= Beginning of Section =

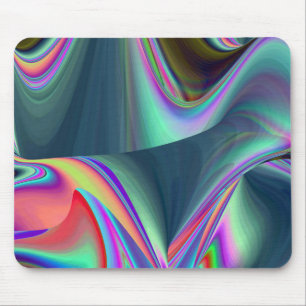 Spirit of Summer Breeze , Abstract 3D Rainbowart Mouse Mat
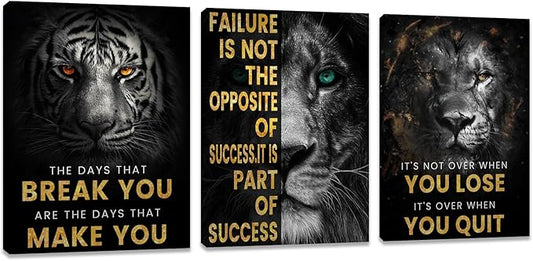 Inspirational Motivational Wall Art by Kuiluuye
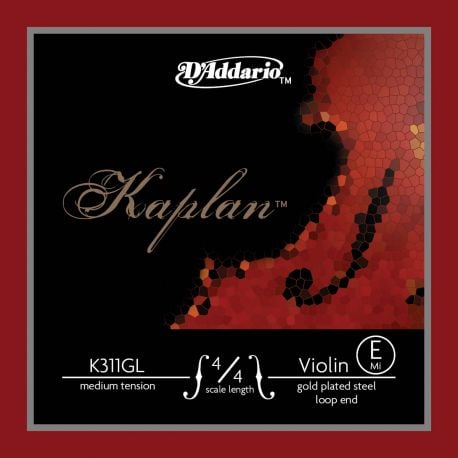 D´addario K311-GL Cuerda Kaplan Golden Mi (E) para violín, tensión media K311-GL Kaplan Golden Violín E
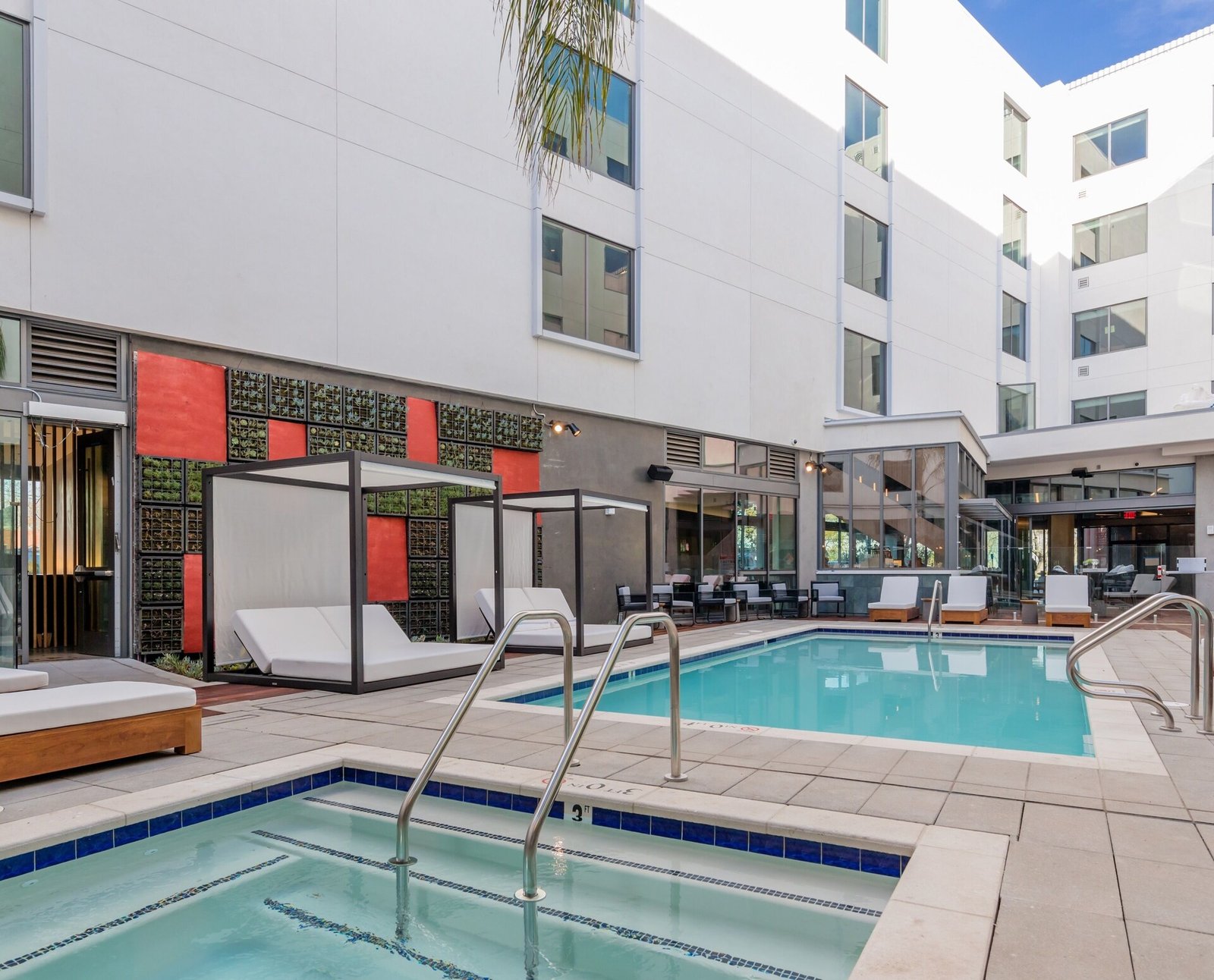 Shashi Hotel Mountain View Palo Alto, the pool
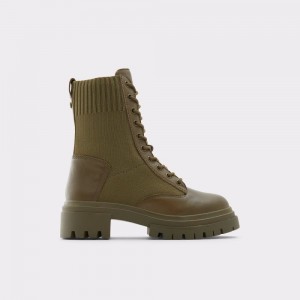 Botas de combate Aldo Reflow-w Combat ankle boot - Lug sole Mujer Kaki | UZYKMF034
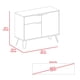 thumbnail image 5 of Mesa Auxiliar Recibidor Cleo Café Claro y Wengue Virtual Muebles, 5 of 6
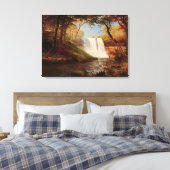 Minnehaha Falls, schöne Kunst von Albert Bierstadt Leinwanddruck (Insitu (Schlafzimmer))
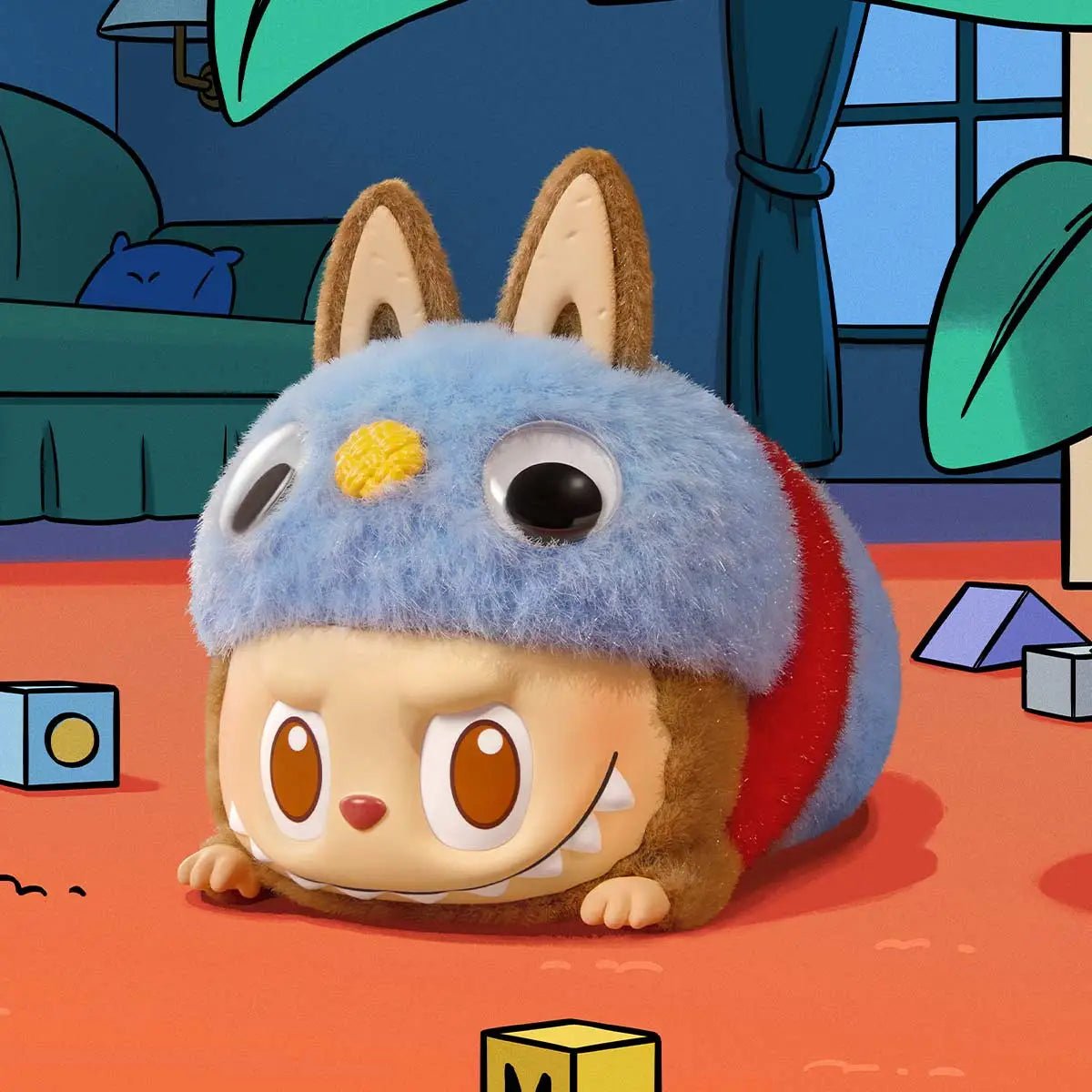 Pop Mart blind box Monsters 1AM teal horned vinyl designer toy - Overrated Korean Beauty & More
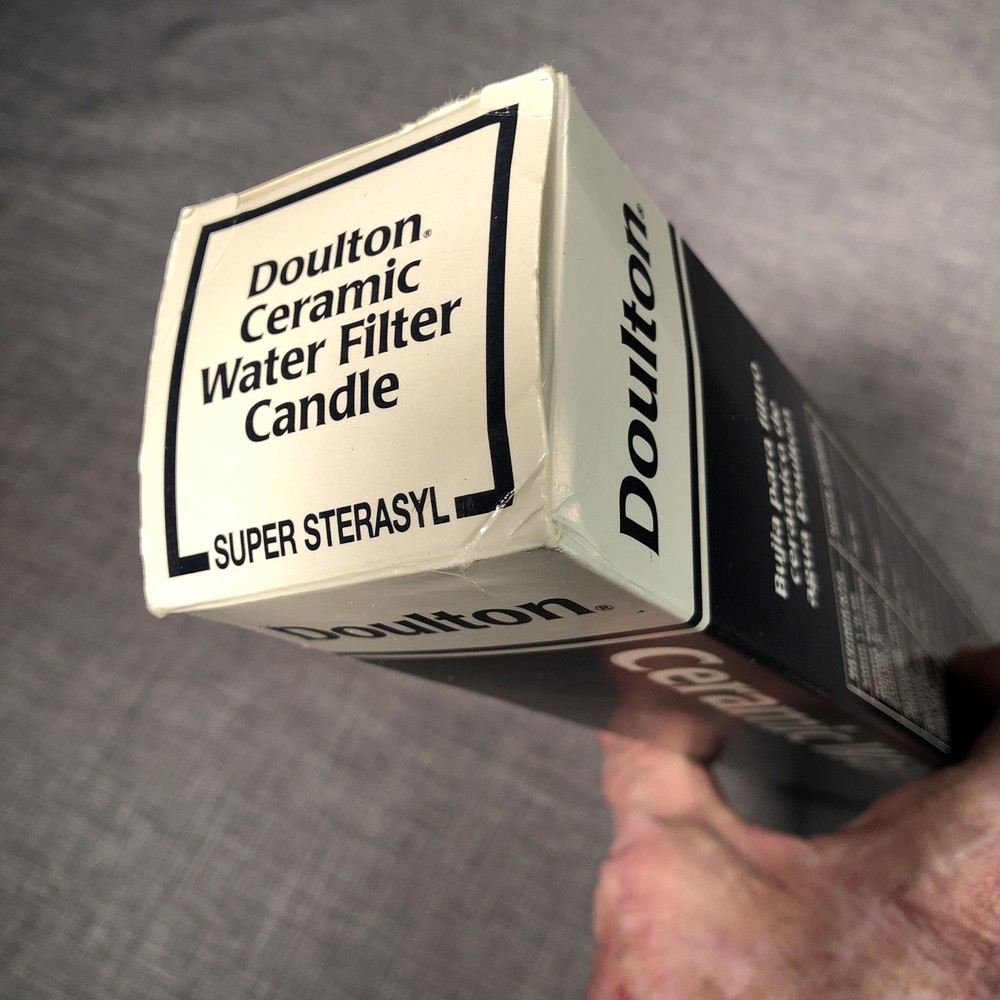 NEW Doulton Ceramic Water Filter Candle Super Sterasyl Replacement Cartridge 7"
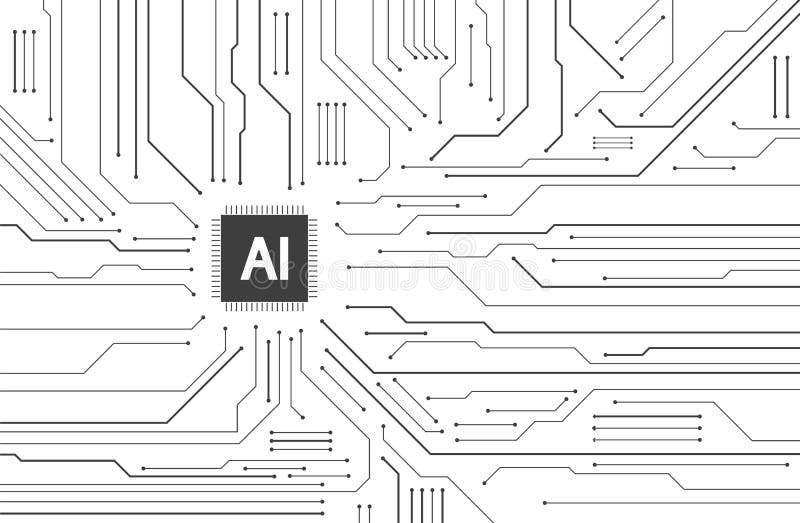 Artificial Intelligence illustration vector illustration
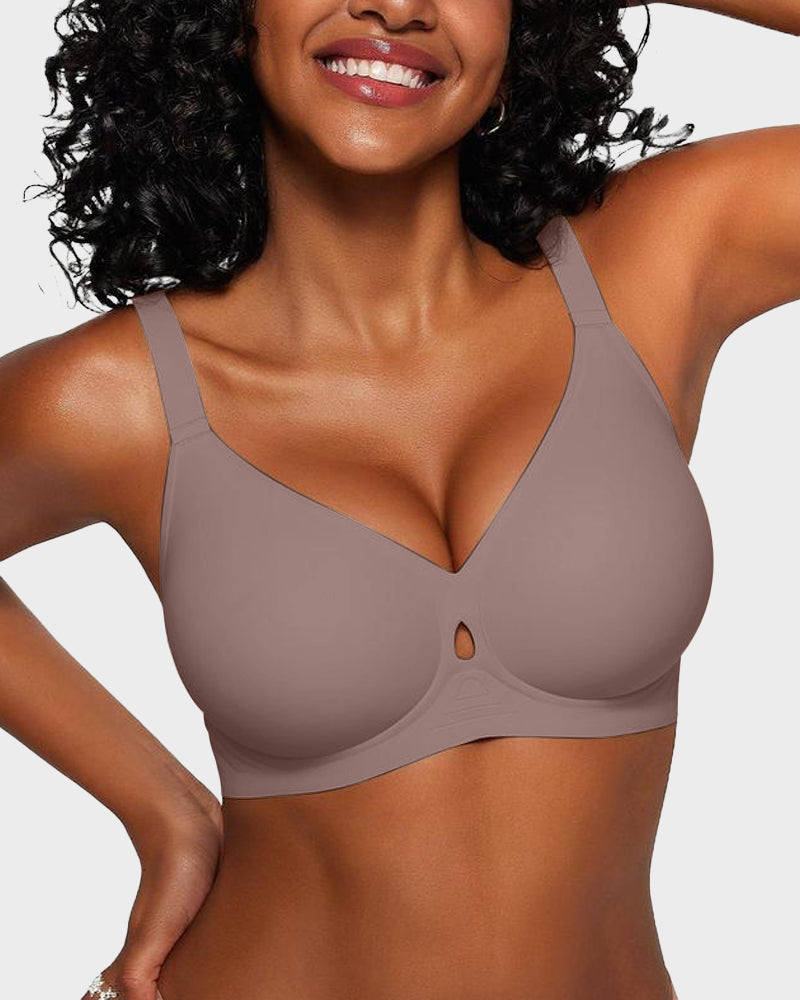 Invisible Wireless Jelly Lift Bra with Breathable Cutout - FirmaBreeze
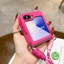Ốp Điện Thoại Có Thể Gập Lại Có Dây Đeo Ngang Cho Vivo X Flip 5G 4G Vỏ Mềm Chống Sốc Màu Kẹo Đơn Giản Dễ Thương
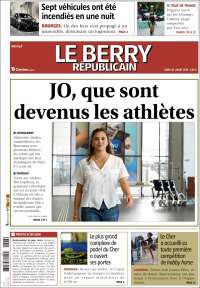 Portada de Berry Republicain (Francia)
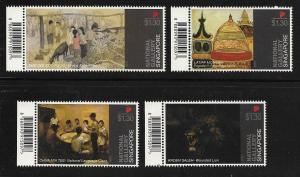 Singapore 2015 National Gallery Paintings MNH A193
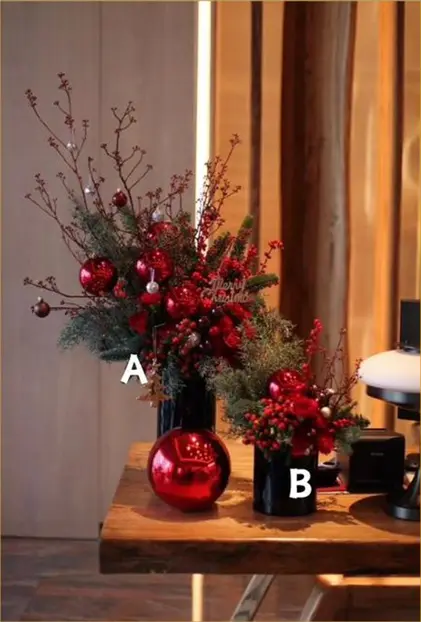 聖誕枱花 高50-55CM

= End of Section =

▶ [Prompt]:
Transcribe, please, the lines from the one holding "NEW Doulton Ceramic" to the final line of the material, both included, exactly and with no extra lines, and skip the pictures.

▶ [Exercise response]:
 NEW Doulton Ceramic Water Filter Candle Super Sterasyl Replacement Cartridge 7"
 Artificial Intelligence illustration vector illustration
 Invisible Wireless Jelly Lift Bra with Breathable Cutout - FirmaBreeze
Ốp Điện Thoại Có Thể Gập Lại Có Dây Đeo Ngang Cho Vivo X Flip 5G 4G Vỏ Mềm Chống Sốc Màu Kẹo Đơn Giản Dễ Thương
 Portada de Berry Republicain (Francia)
 Singapore 2015 National Gallery Paintings MNH A193
 聖誕枱花 高50-55CM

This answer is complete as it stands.